Cost Based optimization
Query optimization is the process of choosing the most efficient or the most favorable type of executing an SQL statement. Query optimization is an art of science for applying rules to rewrite the tree of operators that is invoked in a query and to produce an optimal plan. A plan is said to be optimal if it returns the answer in the least time or by using the least space.
For a given query and environment, the Optimizer allocates a cost in numerical form which is related to each step of a possible plan and then finds these values together to get a cost estimate for the plan or for the possible strategy. After calculating the costs of all possible plans, the Optimizer tries to choose a plan which will have the possible lowest cost estimate. For that reason, the Optimizer may be sometimes referred to as the Cost-Based Optimizer. Below are some of the features of the cost-based optimization-
- The cost-based optimization is based on the cost of the query that to be optimized.
- The query can use a lot of paths based on the value of indexes, available sorting methods, constraints, etc.

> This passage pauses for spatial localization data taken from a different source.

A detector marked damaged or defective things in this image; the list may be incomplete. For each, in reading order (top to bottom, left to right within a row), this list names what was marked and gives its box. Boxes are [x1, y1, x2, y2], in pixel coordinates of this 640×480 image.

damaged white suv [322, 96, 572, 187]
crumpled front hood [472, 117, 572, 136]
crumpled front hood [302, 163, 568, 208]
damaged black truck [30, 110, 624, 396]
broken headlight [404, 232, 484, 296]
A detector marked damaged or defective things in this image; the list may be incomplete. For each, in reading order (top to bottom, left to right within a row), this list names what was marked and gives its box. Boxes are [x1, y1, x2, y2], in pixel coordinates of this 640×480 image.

- The aim of query optimization is to choose the most efficient path of implementing the query at the possible lowest minimum cost in the form of an algorithm.

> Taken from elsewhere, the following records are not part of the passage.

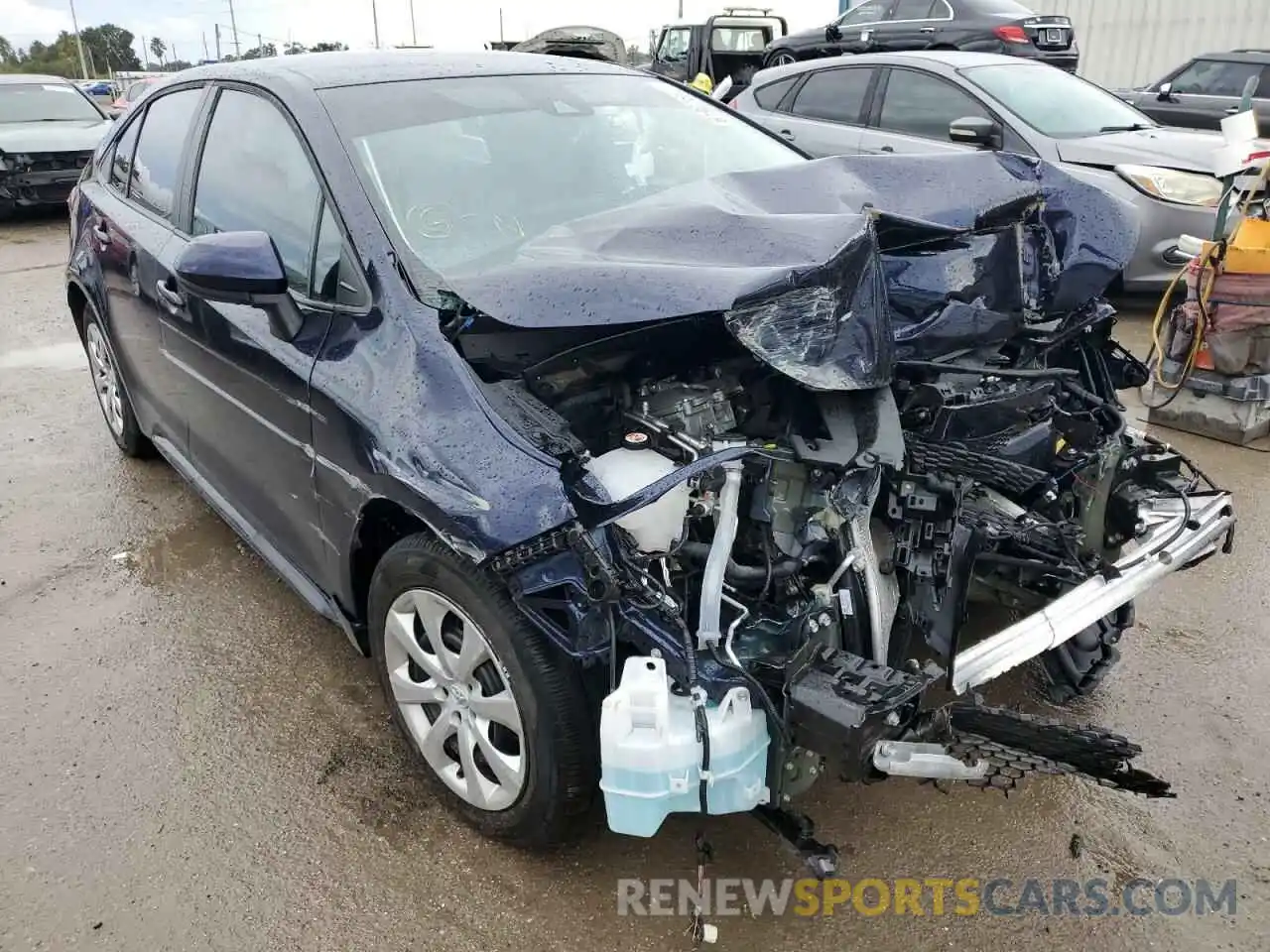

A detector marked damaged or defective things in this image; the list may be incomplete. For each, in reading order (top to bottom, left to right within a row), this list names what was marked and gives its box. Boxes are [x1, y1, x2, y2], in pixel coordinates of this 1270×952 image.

crumpled hood [0, 120, 113, 156]
crumpled hood [441, 151, 1135, 385]
crumpled hood [1064, 126, 1230, 173]
cracked headlight housing [1119, 165, 1222, 207]
crushed front end [444, 153, 1230, 873]
bent front bumper [956, 492, 1238, 690]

- The cost of executing the algorithm needs to be provided by the query Optimizer so that the most suitable query can be selected for an operation.
- The cost of an algorithm also depends upon the cardinality of the input.
To estimate the cost of different available execution plans or the execution strategies the query tree is viewed and studied as a data structure that contains a series of basic operation which are linked in order to perform the query. The cost of the operations that are present in the query depends on the way in which the operation is selected such that, the proportion of select operation that forms the output. It is also important to know the expected cardinality of an operation output. The cardinality of the output is very important because it forms the input to the next operation.
The cost of optimization of the query depends upon the following-
Cardinality is known to be the number of rows that are returned by performing the operations specified by the query execution plan. The estimates of the cardinality must be correct as it highly affects all the possibilities of the execution plan.
Selectivity refers to the number of rows that are selected. The selectivity of any row from the table or any table from the database almost depends upon the condition. The satisfaction of the condition takes us to the selectivity of that specific row. The condition that is to be satisfied can be any, depending upon the situation.
Cost refers to the amount of money spent on the system to optimize the system. The measure of cost fully depends upon the work done or the number of resources used.
The first step is to use ANALYZE TABLE COMPUTE STATISTICS SQL command to compute table statistics. Use DESCRIBE EXTENDED SQL command to inspect the statistics.
The table statistics can be computed for tables, partitions, and columns and are as follows-
- Total size (in bytes) of a table or table partitions.
- Row count of a table or table partitions.
- Column statistics like min, max, num_nulls, distinct_count, avg_col_len, max_col_len, histogram.
ANALYZE TABLE COMPUTE STATISTICS SQL Command:
Cost-Based Optimization uses the statistics stored in a meta store i.e. external catalog using ANALYZE TABLE SQL command-
ANALYZE TABLE tableIdentifier partitionSpec; COMPUTE STATISTICS (NOSCAN | FOR COLUMNS identifierSeq);
Depending on the variant, ANALYZE TABLE computes different statistics, i.e. of a table, partitions, or columns-
- ANALYZE TABLE with neither PARTITION specification nor FOR COLUMNS clause.
- ANALYZE TABLE with PARTITION specification (but no FOR COLUMNS clause).
- ANALYZE TABLE with FOR COLUMNS clause (but no PARTITION specification).
DESCRIBE EXTENDED SQL Command:
The statistics of a table can be viewed, partitions, or a column (stored in a meta store) using DESCRIBE EXTENDED SQL command-
(DESC | DESCRIBE) TABLE? (EXTENDED | FORMATTED); tableIdentifier partitionSpec? describeColName;
Cost Components Of Query Execution:
The following are the cost components of the execution of a query-
- Access cost to secondary storage-
This can be the cost of searching, reading, or writing data blocks that originally found on the secondary storage, especially on the disk. The cost of searching for records in a file also depends upon the type of access structure that file has.
- Memory usage cost-
The cost of memory usage can be calculated simply by using the number of memory buffers that are needed for the execution of the query.
- Storage cost-
The storage cost is the cost of storing any intermediate files(files that are the result of processing the input but are not exactly the result) that are generated by the execution strategy for the query.
- Computational cost-
This is the cost of performing the memory operations that are available on the record within the data buffers. Operations like searching for records, merging records, or sorting records. This can also be called the CPU cost.
- Communication cost-
This is the cost that is associated with sending or communicating the query and its results from one place to another. It also includes the cost of transferring the table and results to the various sites during the process of query evaluation.
Issues In Cost-Based Optimization:
The following are the issues in cost-based optimization-
- In cost-based optimization, the number of execution strategies that can be considered is not really fixed. The number of execution strategies may vary based on the situation.
- Sometimes, this process is really very time-consuming to cost because it does not always guarantee finding the best optimal strategy
- It is an expensive process.